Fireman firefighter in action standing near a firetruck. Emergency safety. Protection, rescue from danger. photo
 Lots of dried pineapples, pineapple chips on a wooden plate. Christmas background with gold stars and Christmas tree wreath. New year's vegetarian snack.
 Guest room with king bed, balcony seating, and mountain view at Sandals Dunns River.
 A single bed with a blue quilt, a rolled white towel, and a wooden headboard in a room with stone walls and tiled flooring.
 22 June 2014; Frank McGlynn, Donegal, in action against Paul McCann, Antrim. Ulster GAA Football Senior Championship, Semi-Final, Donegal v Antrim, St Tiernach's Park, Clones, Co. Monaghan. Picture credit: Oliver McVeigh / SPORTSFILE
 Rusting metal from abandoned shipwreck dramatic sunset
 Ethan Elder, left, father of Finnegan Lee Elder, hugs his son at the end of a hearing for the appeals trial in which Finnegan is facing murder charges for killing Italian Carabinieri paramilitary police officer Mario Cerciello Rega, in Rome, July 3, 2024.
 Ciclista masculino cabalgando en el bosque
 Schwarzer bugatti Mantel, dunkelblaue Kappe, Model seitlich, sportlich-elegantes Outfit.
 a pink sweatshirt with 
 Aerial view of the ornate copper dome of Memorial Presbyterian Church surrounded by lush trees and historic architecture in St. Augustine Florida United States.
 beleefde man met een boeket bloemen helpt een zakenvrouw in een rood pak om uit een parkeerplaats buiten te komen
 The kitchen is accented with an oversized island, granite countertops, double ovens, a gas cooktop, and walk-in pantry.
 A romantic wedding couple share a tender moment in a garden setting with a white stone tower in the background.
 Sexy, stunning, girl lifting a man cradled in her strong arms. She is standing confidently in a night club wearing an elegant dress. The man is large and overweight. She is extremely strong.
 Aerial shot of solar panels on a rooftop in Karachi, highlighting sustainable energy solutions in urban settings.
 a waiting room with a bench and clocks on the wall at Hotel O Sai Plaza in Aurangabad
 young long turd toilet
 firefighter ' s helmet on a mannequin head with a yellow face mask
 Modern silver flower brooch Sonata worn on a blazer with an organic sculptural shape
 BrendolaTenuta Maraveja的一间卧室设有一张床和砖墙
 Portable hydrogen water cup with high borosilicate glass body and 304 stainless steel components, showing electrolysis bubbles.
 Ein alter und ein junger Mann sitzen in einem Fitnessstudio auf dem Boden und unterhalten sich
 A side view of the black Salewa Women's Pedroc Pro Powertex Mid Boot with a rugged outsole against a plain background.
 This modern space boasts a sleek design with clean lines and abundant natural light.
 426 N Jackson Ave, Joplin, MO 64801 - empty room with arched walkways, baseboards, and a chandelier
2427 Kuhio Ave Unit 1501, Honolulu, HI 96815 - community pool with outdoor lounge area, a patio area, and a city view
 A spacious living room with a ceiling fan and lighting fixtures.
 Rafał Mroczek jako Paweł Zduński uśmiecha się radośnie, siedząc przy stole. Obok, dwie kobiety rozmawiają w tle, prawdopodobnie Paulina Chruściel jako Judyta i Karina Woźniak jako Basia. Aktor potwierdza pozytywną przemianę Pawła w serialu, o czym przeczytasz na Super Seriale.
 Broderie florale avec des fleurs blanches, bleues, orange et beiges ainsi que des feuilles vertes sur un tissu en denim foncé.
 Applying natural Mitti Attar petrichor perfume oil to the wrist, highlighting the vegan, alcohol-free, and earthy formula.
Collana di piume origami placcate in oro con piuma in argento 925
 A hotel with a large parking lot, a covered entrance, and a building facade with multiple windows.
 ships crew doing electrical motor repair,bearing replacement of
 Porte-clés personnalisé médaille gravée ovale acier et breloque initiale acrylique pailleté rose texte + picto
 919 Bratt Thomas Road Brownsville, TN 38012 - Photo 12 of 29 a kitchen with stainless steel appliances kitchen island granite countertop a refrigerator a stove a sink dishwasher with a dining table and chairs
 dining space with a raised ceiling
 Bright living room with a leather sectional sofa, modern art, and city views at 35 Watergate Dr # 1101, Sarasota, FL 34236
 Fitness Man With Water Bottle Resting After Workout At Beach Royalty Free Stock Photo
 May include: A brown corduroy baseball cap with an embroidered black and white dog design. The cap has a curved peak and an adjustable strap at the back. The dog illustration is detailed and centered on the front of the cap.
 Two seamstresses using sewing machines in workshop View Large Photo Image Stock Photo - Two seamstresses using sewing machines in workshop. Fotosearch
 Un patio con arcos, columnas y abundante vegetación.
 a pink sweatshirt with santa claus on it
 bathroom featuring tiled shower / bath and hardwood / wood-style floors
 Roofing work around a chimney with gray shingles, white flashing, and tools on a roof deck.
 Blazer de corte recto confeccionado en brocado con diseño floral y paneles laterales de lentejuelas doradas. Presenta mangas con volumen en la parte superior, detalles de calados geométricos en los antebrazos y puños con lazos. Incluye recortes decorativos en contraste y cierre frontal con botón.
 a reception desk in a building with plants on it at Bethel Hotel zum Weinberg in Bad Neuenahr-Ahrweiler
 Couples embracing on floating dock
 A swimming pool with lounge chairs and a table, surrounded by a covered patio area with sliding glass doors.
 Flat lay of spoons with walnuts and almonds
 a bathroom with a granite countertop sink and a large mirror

• Problem: The answer should be the full listing, repeated without any change.

• Solution for this task:
Fireman firefighter in action standing near a firetruck. Emergency safety. Protection, rescue from danger. photo
 Lots of dried pineapples, pineapple chips on a wooden plate. Christmas background with gold stars and Christmas tree wreath. New year's vegetarian snack.
 Guest room with king bed, balcony seating, and mountain view at Sandals Dunns River.
 A single bed with a blue quilt, a rolled white towel, and a wooden headboard in a room with stone walls and tiled flooring.
 22 June 2014; Frank McGlynn, Donegal, in action against Paul McCann, Antrim. Ulster GAA Football Senior Championship, Semi-Final, Donegal v Antrim, St Tiernach's Park, Clones, Co. Monaghan. Picture credit: Oliver McVeigh / SPORTSFILE
 Rusting metal from abandoned shipwreck dramatic sunset
 Ethan Elder, left, father of Finnegan Lee Elder, hugs his son at the end of a hearing for the appeals trial in which Finnegan is facing murder charges for killing Italian Carabinieri paramilitary police officer Mario Cerciello Rega, in Rome, July 3, 2024.
 Ciclista masculino cabalgando en el bosque
 Schwarzer bugatti Mantel, dunkelblaue Kappe, Model seitlich, sportlich-elegantes Outfit.
 a pink sweatshirt with 
 Aerial view of the ornate copper dome of Memorial Presbyterian Church surrounded by lush trees and historic architecture in St. Augustine Florida United States.
 beleefde man met een boeket bloemen helpt een zakenvrouw in een rood pak om uit een parkeerplaats buiten te komen
 The kitchen is accented with an oversized island, granite countertops, double ovens, a gas cooktop, and walk-in pantry.
 A romantic wedding couple share a tender moment in a garden setting with a white stone tower in the background.
 Sexy, stunning, girl lifting a man cradled in her strong arms. She is standing confidently in a night club wearing an elegant dress. The man is large and overweight. She is extremely strong.
 Aerial shot of solar panels on a rooftop in Karachi, highlighting sustainable energy solutions in urban settings.
 a waiting room with a bench and clocks on the wall at Hotel O Sai Plaza in Aurangabad
 young long turd toilet
 firefighter ' s helmet on a mannequin head with a yellow face mask
 Modern silver flower brooch Sonata worn on a blazer with an organic sculptural shape
 BrendolaTenuta Maraveja的一间卧室设有一张床和砖墙
 Portable hydrogen water cup with high borosilicate glass body and 304 stainless steel components, showing electrolysis bubbles.
 Ein alter und ein junger Mann sitzen in einem Fitnessstudio auf dem Boden und unterhalten sich
 A side view of the black Salewa Women's Pedroc Pro Powertex Mid Boot with a rugged outsole against a plain background.
 This modern space boasts a sleek design with clean lines and abundant natural light.
 426 N Jackson Ave, Joplin, MO 64801 - empty room with arched walkways, baseboards, and a chandelier
2427 Kuhio Ave Unit 1501, Honolulu, HI 96815 - community pool with outdoor lounge area, a patio area, and a city view
 A spacious living room with a ceiling fan and lighting fixtures.
 Rafał Mroczek jako Paweł Zduński uśmiecha się radośnie, siedząc przy stole. Obok, dwie kobiety rozmawiają w tle, prawdopodobnie Paulina Chruściel jako Judyta i Karina Woźniak jako Basia. Aktor potwierdza pozytywną przemianę Pawła w serialu, o czym przeczytasz na Super Seriale.
 Broderie florale avec des fleurs blanches, bleues, orange et beiges ainsi que des feuilles vertes sur un tissu en denim foncé.
 Applying natural Mitti Attar petrichor perfume oil to the wrist, highlighting the vegan, alcohol-free, and earthy formula.
Collana di piume origami placcate in oro con piuma in argento 925
 A hotel with a large parking lot, a covered entrance, and a building facade with multiple windows.
 ships crew doing electrical motor repair,bearing replacement of
 Porte-clés personnalisé médaille gravée ovale acier et breloque initiale acrylique pailleté rose texte + picto
 919 Bratt Thomas Road Brownsville, TN 38012 - Photo 12 of 29 a kitchen with stainless steel appliances kitchen island granite countertop a refrigerator a stove a sink dishwasher with a dining table and chairs
 dining space with a raised ceiling
 Bright living room with a leather sectional sofa, modern art, and city views at 35 Watergate Dr # 1101, Sarasota, FL 34236
 Fitness Man With Water Bottle Resting After Workout At Beach Royalty Free Stock Photo
 May include: A brown corduroy baseball cap with an embroidered black and white dog design. The cap has a curved peak and an adjustable strap at the back. The dog illustration is detailed and centered on the front of the cap.
 Two seamstresses using sewing machines in workshop View Large Photo Image Stock Photo - Two seamstresses using sewing machines in workshop. Fotosearch
 Un patio con arcos, columnas y abundante vegetación.
 a pink sweatshirt with santa claus on it
 bathroom featuring tiled shower / bath and hardwood / wood-style floors
 Roofing work around a chimney with gray shingles, white flashing, and tools on a roof deck.
 Blazer de corte recto confeccionado en brocado con diseño floral y paneles laterales de lentejuelas doradas. Presenta mangas con volumen en la parte superior, detalles de calados geométricos en los antebrazos y puños con lazos. Incluye recortes decorativos en contraste y cierre frontal con botón.
 a reception desk in a building with plants on it at Bethel Hotel zum Weinberg in Bad Neuenahr-Ahrweiler
 Couples embracing on floating dock
 A swimming pool with lounge chairs and a table, surrounded by a covered patio area with sliding glass doors.
 Flat lay of spoons with walnuts and almonds
 a bathroom with a granite countertop sink and a large mirror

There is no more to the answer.